Hemango Biswas (1912-1987) was one of the founding members of the IPTA (Indian People’s Theatre Association) movement, whose impact on modern Indian culture has been momentous. A freedom fighter in the early thirties, he was initiated into the communist movement as a prisoner in British jail. In the forties, he took a leading part in organizing political and cultural campaigns, and became the founder of the Assam wing of the IPTA soon after the organization was established in Bombay in 1943. He won wide recognition as one of the finest composers of the new music created by the movement. He was also a legendary folk singer. He was a unique figure in the leftist cultural resurgence, who left a lasting impact as a political thinker, cultural strategist and creative artist.

During the 1940s, Hemango Biswas was actively involved in the leftist cultural revival in Cachar. His closest companion there was Irawat Singh who was another legend himself. Irawat singlehandedly organized and consolidated leftist political movements in Cachar, especially among Cachar’s Manipuri settlements and tea-garden workers. He was a remarkable orator, dancer, singer, organizer, sportsman and cultural activist. Hemango and Irawat first met in Sylhet jail where both of them were incarcerated (in the late 1930s-early 1940s). Since then, their friendship grew continually because of shared cultural and political interests.

Hemango and Irawat’s collaborative efforts largely contributed to the growing intensity of the leftist cultural and political movements in Surma and Barak valleys in the 1940s. As part of building an archive on Hemango Biswas, I wanted to do some research on his activities in the 1940s and ’50s in Assam. I had already been to many areas of the state in the recent past. A chance event again led me to Silchar in May, 2018. I could stay only two and half days there among which two full days were spent in retracing memories and going to places associated with Hemango Biswas. I wanted to meet those who closely worked with him, although most of his comrades were gone by then, and meet people/families he had written about, sometimes in elaborate terms, sometimes fleetingly. I actually chanced upon one of his close colleagues of the ’40s whose story I hope to write soon. But today let me talk about a different encounter.

An Autobiographical Note: Hemango Biswas

“One incident had left me deeply disturbed. In the village of Bhitorgangapur in the Barkhola region of Cachar district, was the house of Gournitai Singha, the old maestro of Manipuri kirtan. He was a close associate of the IPTA. That in Assam such talented artistes as Jyotiprasad Agarwala, Bishnuprasad Rabha, Guru Kamini Singh, Gournitai Singha could be brought within the folds of the IPTA was not a small achievement. Anyway, in 1953 after a long time, I went to Bhitorgangapur to meet Gournitai Singha again. We discussed a few things. Then I started singing on his request. No sooner had I begun singing, than Gournitaibabu’s wife came running to us like one who has completely lost her senses, and started reviling me intensely, ‘You have come again to sing? You all dare singing after killing my son?
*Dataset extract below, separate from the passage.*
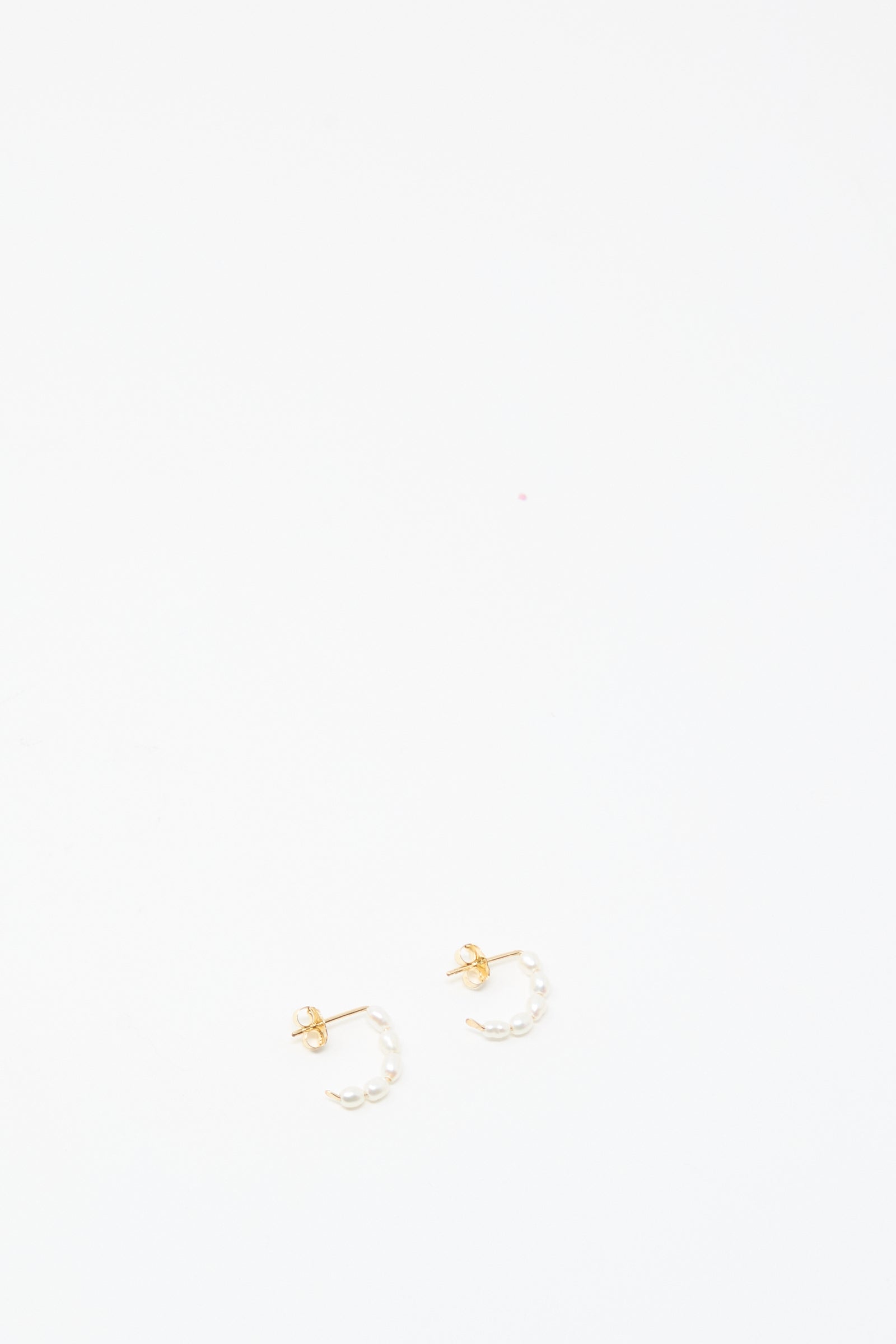 Mary MacGill Baroque Pearl Crescent Hoops: handcrafted small gold hoop earrings adorned with Baroque pearl accents, shown against a plain white background.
Where is the man who had sent him to die? He is happily spending his days. Why haven’t you brought him along?’ I knew the incident quite well and in fact, I went to the village to pay tribute to the martyrs. We would have to continue with our struggle, keeping in mind the ideal of Telengana was what the local party leaders of Cachar suggested as a directive for aggressive land-reclamation struggles. The situation in Cachar at that point was not at all conducive to such encounters. But following the order of a leader, Gourhari, Gournitaibabu’s only son, who had been recently married, went to acquire a segment of land along with four other unarmed Manipuri peasant comrades. The police first threatened to shoot and then actually started firing. Five people were killed including Gourhari. And soon after the incident, Gourhari’s mother (Gournitaibabu’s wife) lost her metal equilibrium. The revolutionary leader who knowingly threw these people in front of a death row, lost nothing, rather his practice in law was flourishing at that time.

Quiet person that he was, Gournitaibabu told me his wife was sick and requested me repeatedly to not mind. I was immensely saddened by this incident. I remember I told him on that day, ‘Comrade, don’t we deserve this reproach?’”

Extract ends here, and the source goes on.